DATA PROVIDED Start Marker

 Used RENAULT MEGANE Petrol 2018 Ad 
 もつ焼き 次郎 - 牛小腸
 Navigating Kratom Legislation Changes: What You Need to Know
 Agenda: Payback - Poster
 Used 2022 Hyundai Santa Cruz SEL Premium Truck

DATA PROVIDED End Marker
DATA PROVIDED Start Marker

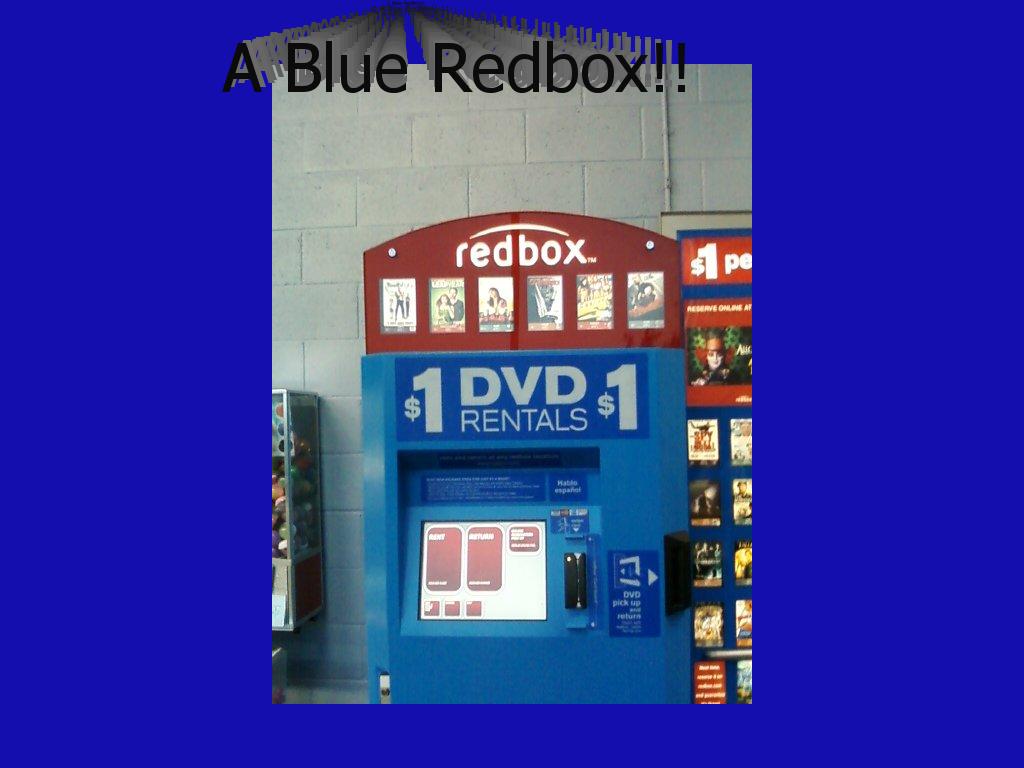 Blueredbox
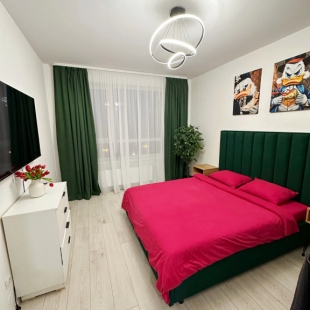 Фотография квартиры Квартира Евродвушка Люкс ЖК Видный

DATA PROVIDED End Marker

For each line above that contains the word "Used", copy that line.

 Used RENAULT MEGANE Petrol 2018 Ad 
 Used 2022 Hyundai Santa Cruz SEL Premium Truck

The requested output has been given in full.